ANNIVERSARY: 3 ½ STARS. “creates a pressure-cooker of tension and menace.”
SYNOPSIS: In “Anniversary,” a new thriller now playing in theatres, Diane Lane and Kyle Chandler play Ellen and Paul, a liberal Georgetown University academic and chef celebrating twenty-five years of marriage. When Liz (Phoebe Dynevor), their son Josh’s (Dylan O’Brien) new girlfriend, writes a political screed titled “The Change: The New Social Contract,” its success sows the seeds of discontent within the family and the country.
CAST: Diane Lane, Kyle Chandler, Madeline Brewer, Zoey Deutch, Phoebe Dynevor, Mckenna Grace, Daryl McCormack, and Dylan O’Brien. Directed by Jan Komasa.
REVIEW: One of the least subtle films of the year, “Anniversary” dives headfirst into a maelstrom of ideological extremism, buried secrets and societal polarization.
Featuring a large ensemble cast of veterans and newcomers, “Anniversary” begins at a lavish 25th anniversary celebration for Ellen and Paul (Diane Lane and Kyle Chandler). Son Josh’s (Dylan O’Brien) date is Liz (Phoebe Dynevor), a former student of Ellen’s, kicked out of school after Ellen denounced her radical views.

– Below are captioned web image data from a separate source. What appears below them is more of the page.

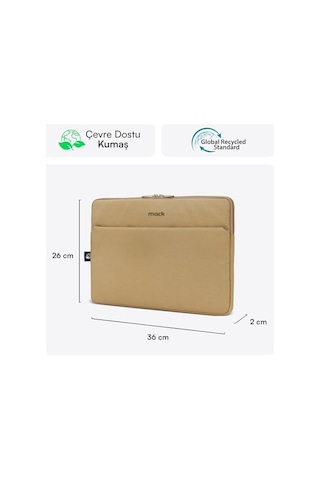 Mce-1503 14.1 Nova Eco Çevre Dostu 13-14 İnç Yeni Apple MacBook Uyumlu Pro İçin Kılıf, Aksesuar Bölmeli Laptop Kılıfı, Ykk F Çok Renkli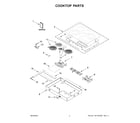 Whirlpool WCE97US0KB00 cooktop parts diagram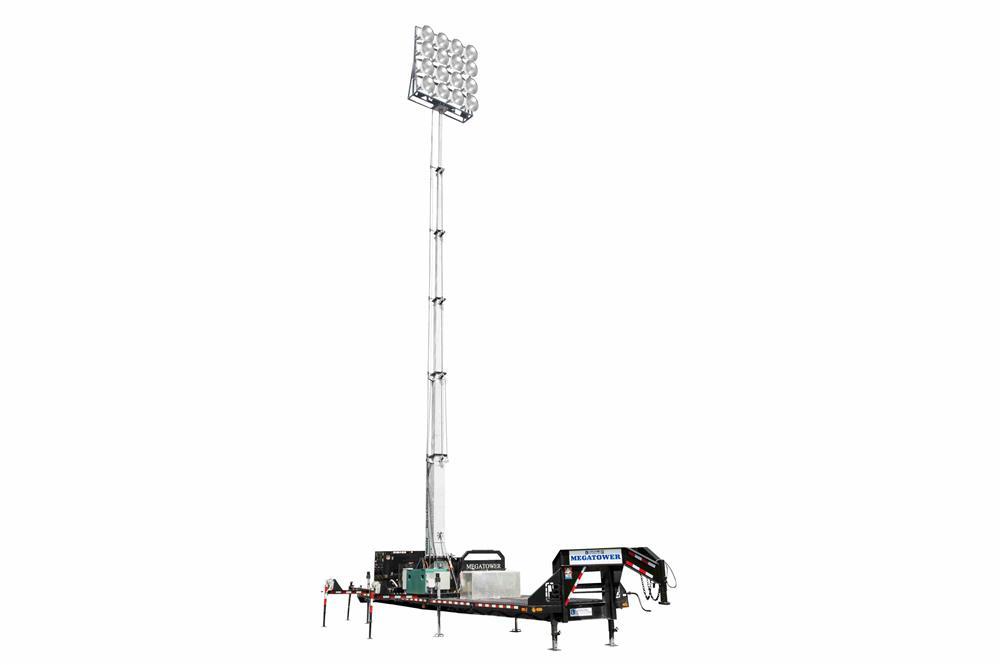 65' Self-contained MegatowerÃ¢â€žÂ¢ on Skid Mount - (20) MH Lamps - Auto Retract/Sync'd Controls - Anchor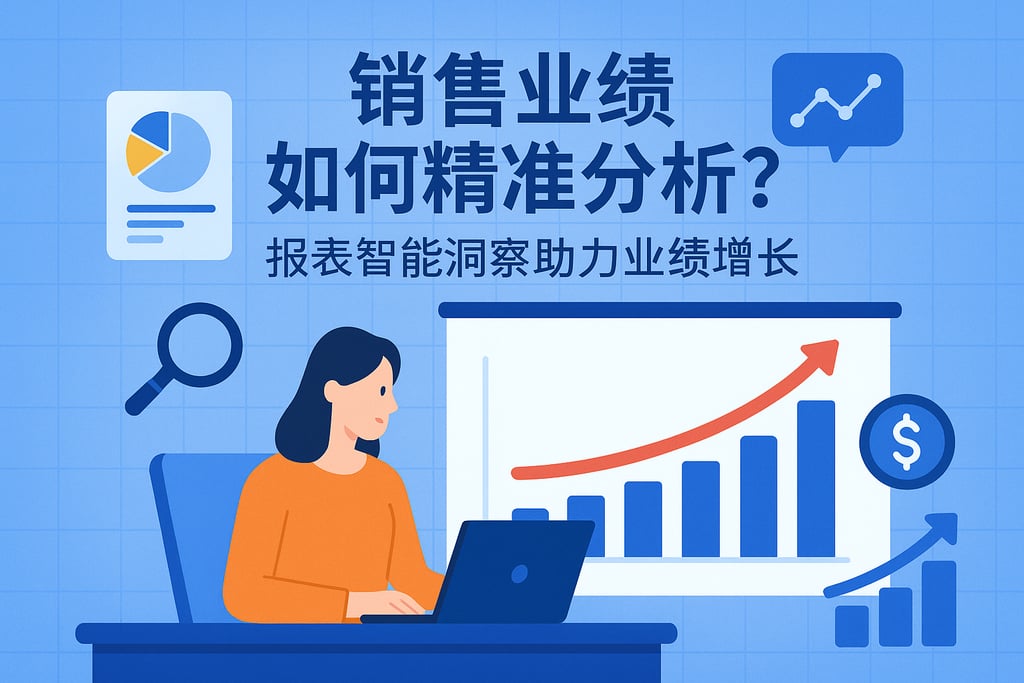销售业绩如何精准分析？报表智能洞察助力业绩增长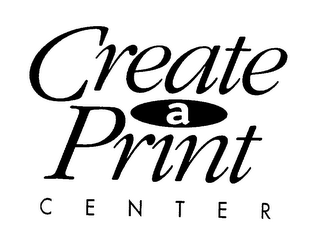 CREATE A PRINT CENTER logo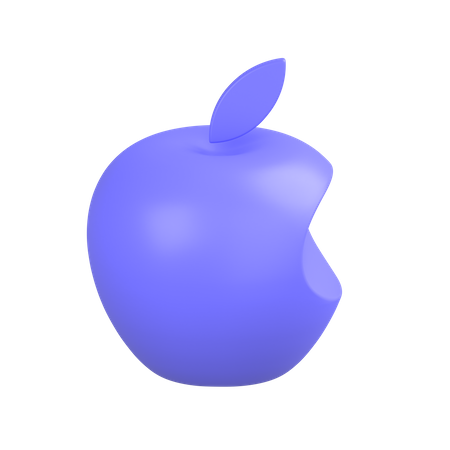 Apple-2 3D Illustration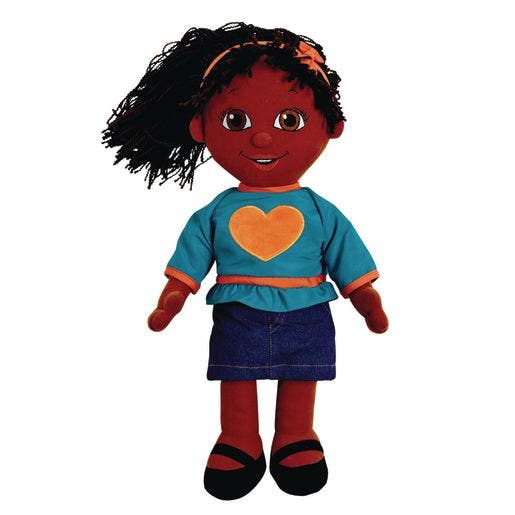 Excellerations Cuddle Buddy African American Girl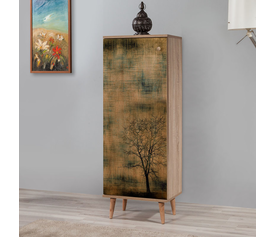 Παπουτσοθήκη - ντουλάπι Soho χρώμα sonoma 50x38x135εκ.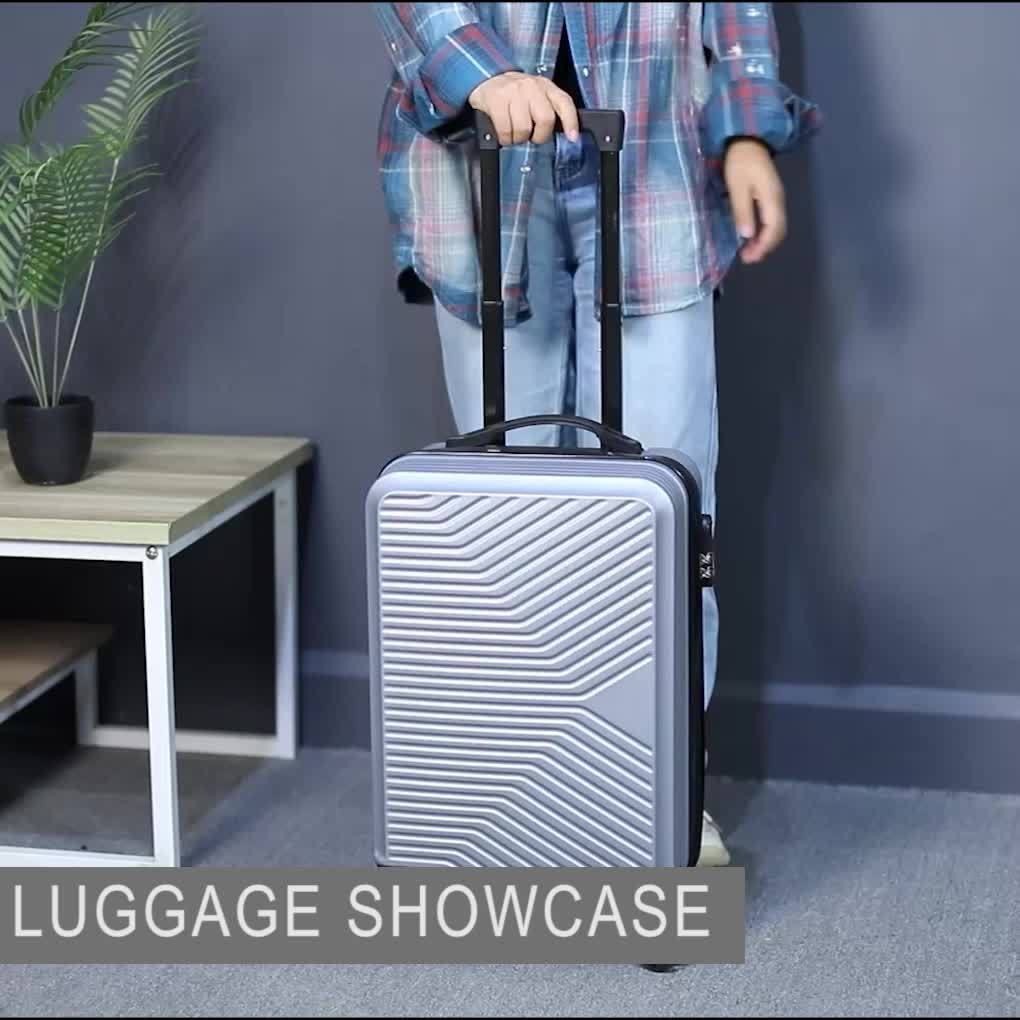 Striped Hard Shell Carry-On, Maleta Cabina Rayas Carcasa Dura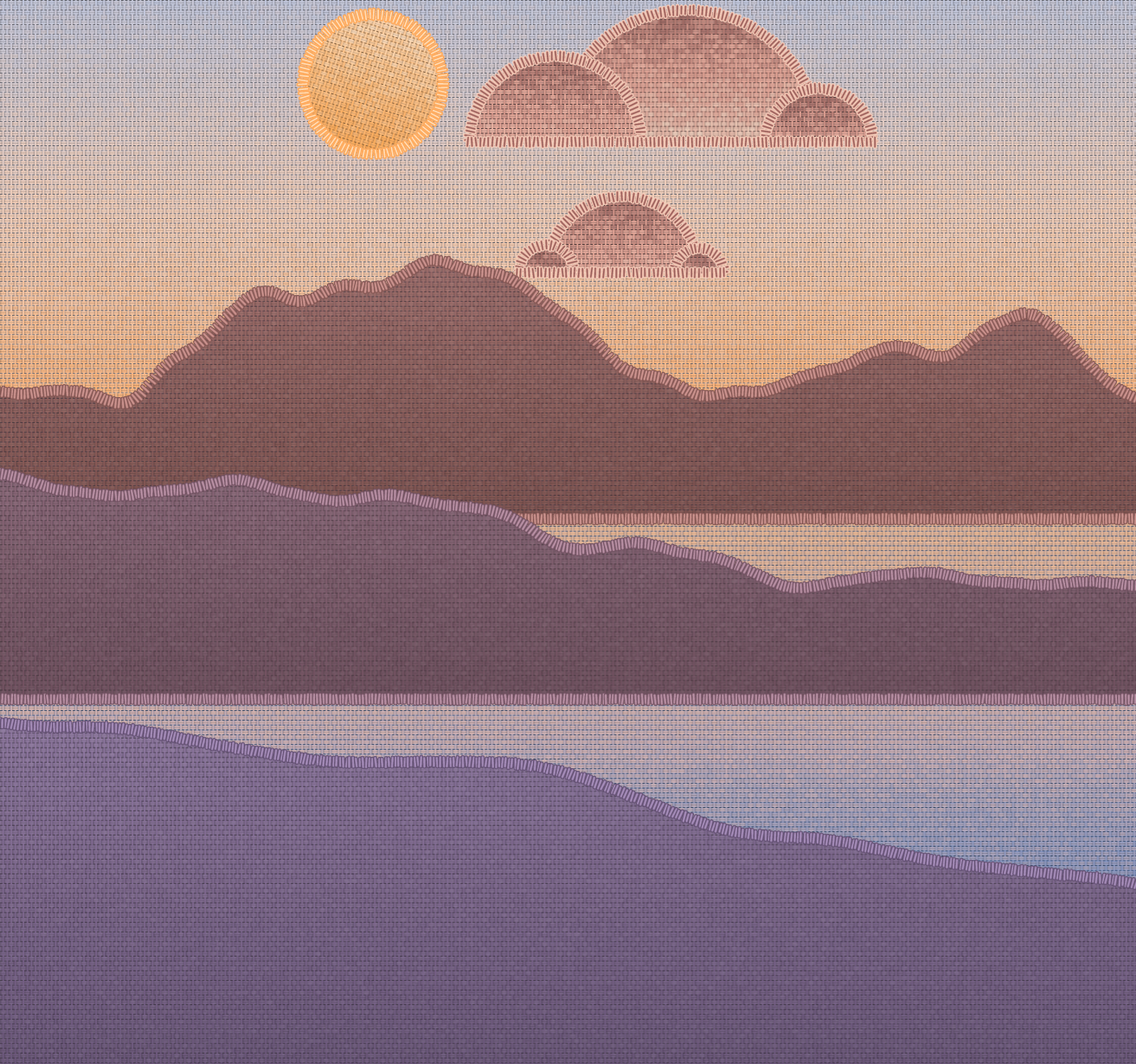 Applique Seascape #25 static token preview
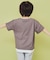 【110-160】レイヤー風ポケットTシャツ/洗濯機OK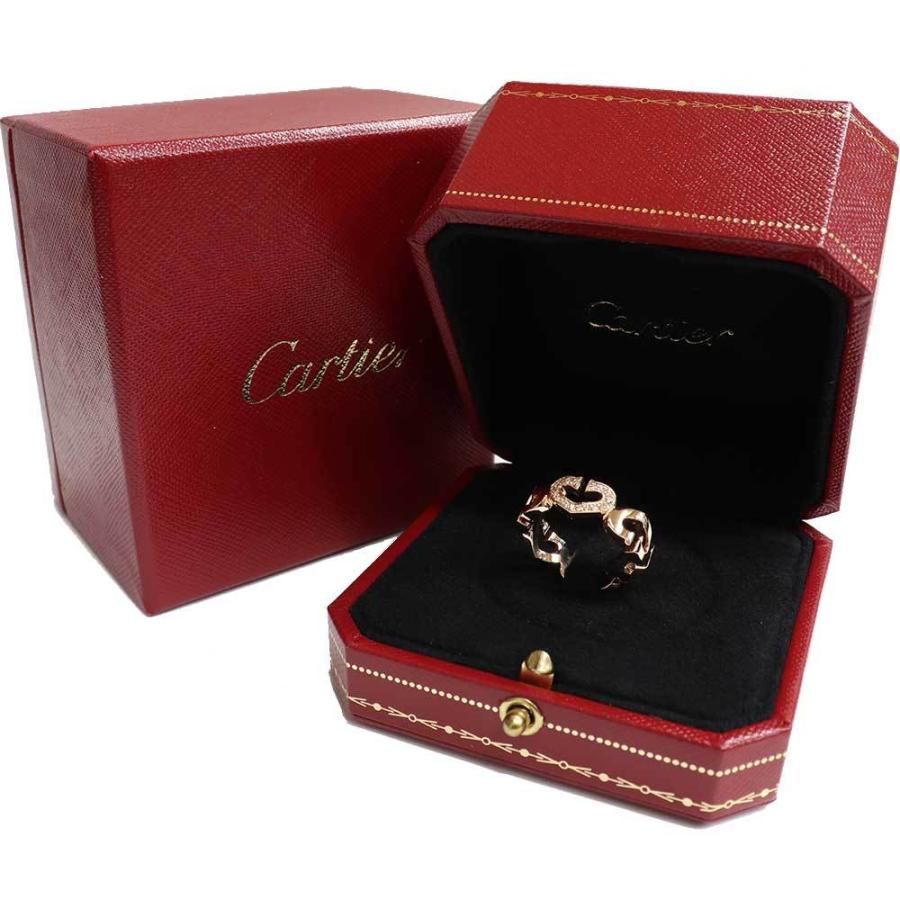 美品）カルティエ CARTIER Cハート ダイヤ リング 1モチーフ 指輪 K18 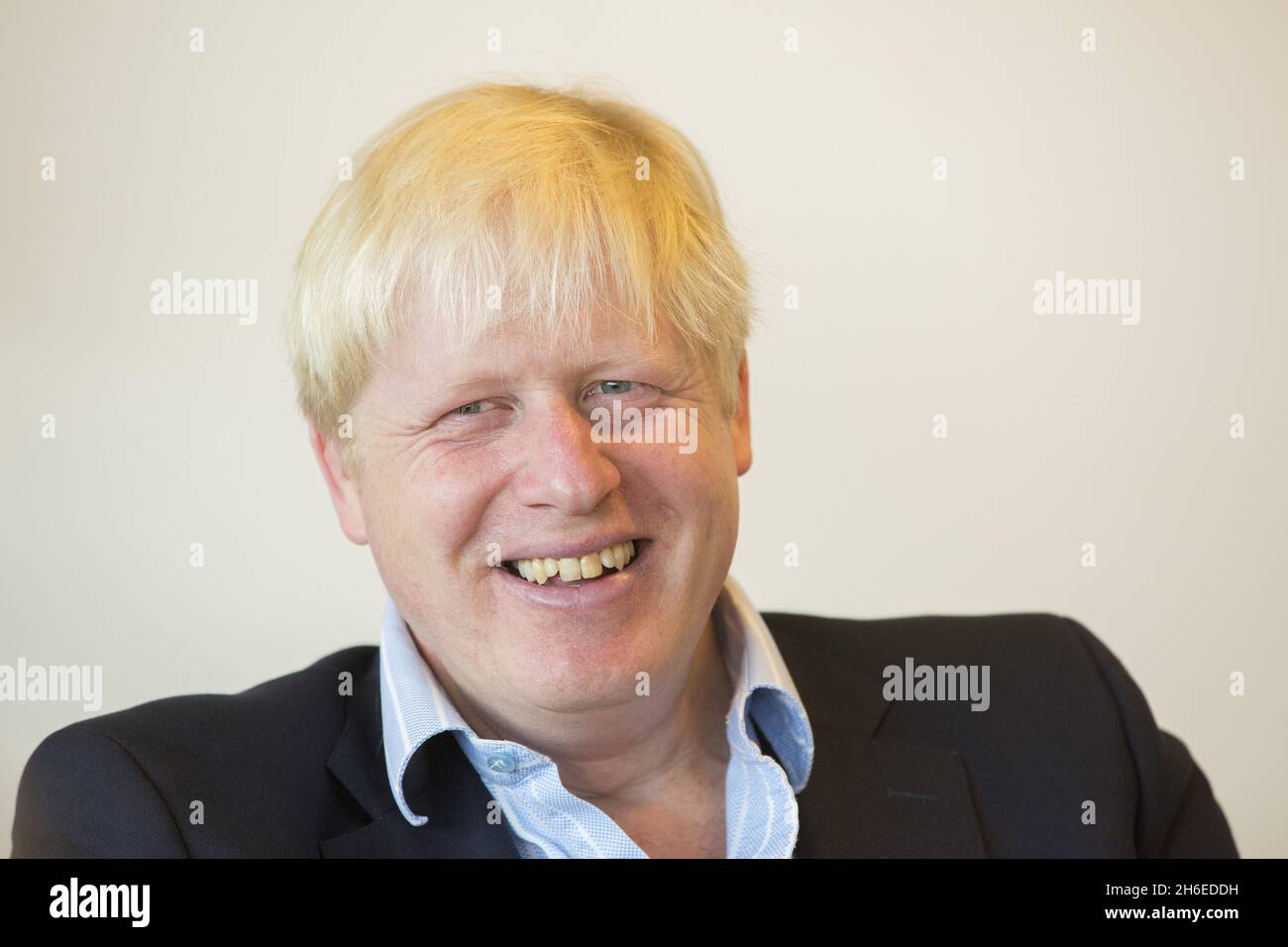 London Mayor Boris Johnson in his office at City hall for his interview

She’s now the author of “The Change: The New Social Contract,” a political diatribe supporting the implication of a “no-party” system that aims to “put the ‘united’ back in these states of America.”
As the book becomes a national best-seller Ellen can’t hide her disapproval with its ideas of a singular, unified national belief system. “The book is a weapon,” she says amid her growing concerns for the fate of democracy as a spawning movement known as The Change, endorse pledging an oath to an alternate American flag.
Liz’s newfound popularity during the rise of The Change—“The greatest movement in the history of this nation.”—reveals fractures in Ellen and Paul’s family and in the country. “Everything around us is changing,” says daughter Birdie (Mckenna Grace). “Fear went mainstream.
A study of radicalism, “Anniversary” delivers its message with the force of a knee to the groin. Director Jan Komasa, working from a screenplay by Lori Rosene-Gambino, keeps the telling of the cautionary tale taut, creating a pressure-cooker of tension and menace.
The ideological conflict between the family—the “Non-Changers”—and The Change escalates quickly, but Komasa smartly keeps the focus on the individuals and the radical transformations in their lives. “You have obliterated us,” Ellen says to Liz. “What more do you want?”
O’Brien is chilling as he navigates Josh’s transformation from failed writer to intimidating demagogue. A contentious scene between Josh and Paul allows O’Brien and Chandler to explore the boundaries of the polarization that has gripped the family in a powerful fashion.
That edgy conflict drips with ice, but it is the helplessness Ellen and Paul, once a couple living their best lives, feels as their existence is completely upended by The Change that resonates. “You need to decide,” a census taker tells them, “whether you’re with us for against us.”
“Anniversary” is a provocative, timely drama that swings for the fences, and while the portrait it paints of extremism is vivid, and in many ways uncompromising, it is the personal toll of the characters that unnerves.